== PROVIDED RECORDS ==

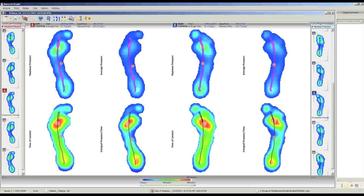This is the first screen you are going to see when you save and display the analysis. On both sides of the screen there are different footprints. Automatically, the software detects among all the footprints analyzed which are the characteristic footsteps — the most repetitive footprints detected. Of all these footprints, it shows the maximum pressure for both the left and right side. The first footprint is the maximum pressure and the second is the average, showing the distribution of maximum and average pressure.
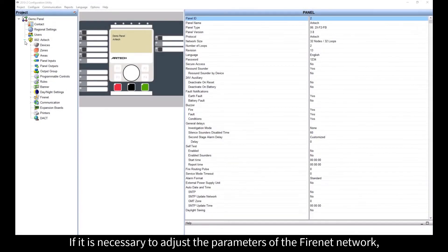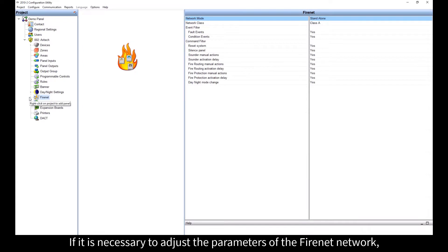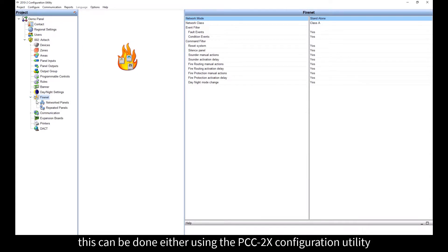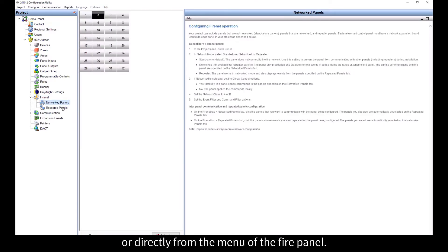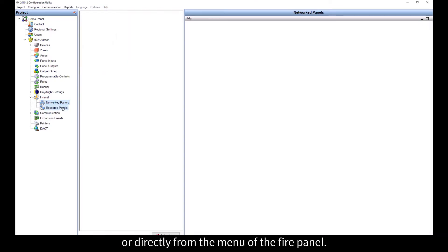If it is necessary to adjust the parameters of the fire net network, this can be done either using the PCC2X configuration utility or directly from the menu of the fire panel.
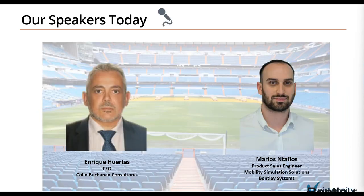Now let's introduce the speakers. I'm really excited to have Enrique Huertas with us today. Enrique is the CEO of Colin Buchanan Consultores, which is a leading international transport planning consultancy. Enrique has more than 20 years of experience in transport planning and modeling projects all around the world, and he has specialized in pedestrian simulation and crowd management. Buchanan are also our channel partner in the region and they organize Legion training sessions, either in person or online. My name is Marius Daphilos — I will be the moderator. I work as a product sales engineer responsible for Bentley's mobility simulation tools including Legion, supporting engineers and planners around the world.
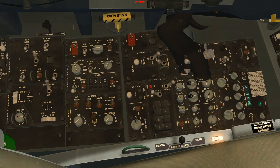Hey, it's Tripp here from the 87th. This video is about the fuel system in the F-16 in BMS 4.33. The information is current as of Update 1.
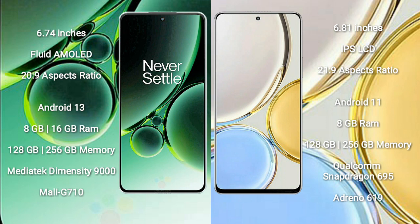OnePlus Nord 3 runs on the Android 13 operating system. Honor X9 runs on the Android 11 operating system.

===
== PROVIDED RECORDS ==

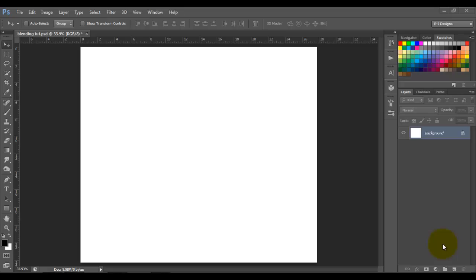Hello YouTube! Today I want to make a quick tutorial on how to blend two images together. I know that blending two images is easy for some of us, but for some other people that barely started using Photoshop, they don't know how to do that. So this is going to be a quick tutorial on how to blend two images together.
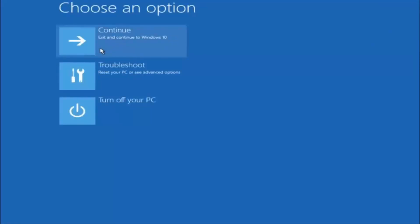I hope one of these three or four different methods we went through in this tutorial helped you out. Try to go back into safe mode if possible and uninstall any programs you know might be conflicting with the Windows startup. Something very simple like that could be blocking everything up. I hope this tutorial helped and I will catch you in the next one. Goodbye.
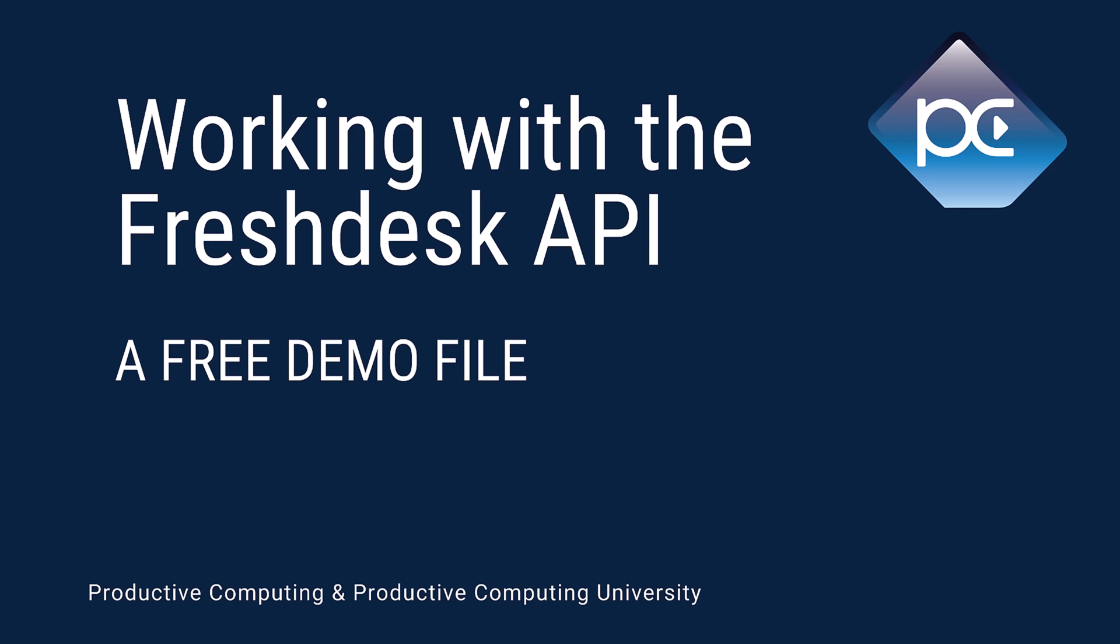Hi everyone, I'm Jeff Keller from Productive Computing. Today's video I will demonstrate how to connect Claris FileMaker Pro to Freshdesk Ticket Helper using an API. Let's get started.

===

→ **BRIEF**
Using the records above, return word for word the lines that begin at the one containing "This is the" and end at the one containing "If it is necessary", both of them included and no pictures.

→ **OUTPUT**
This is the first screen you are going to see when you save and display the analysis. On both sides of the screen there are different footprints. Automatically, the software detects among all the footprints analyzed which are the characteristic footsteps — the most repetitive footprints detected. Of all these footprints, it shows the maximum pressure for both the left and right side. The first footprint is the maximum pressure and the second is the average, showing the distribution of maximum and average pressure.
If it is necessary to adjust the parameters of the fire net network, this can be done either using the PCC2X configuration utility or directly from the menu of the fire panel.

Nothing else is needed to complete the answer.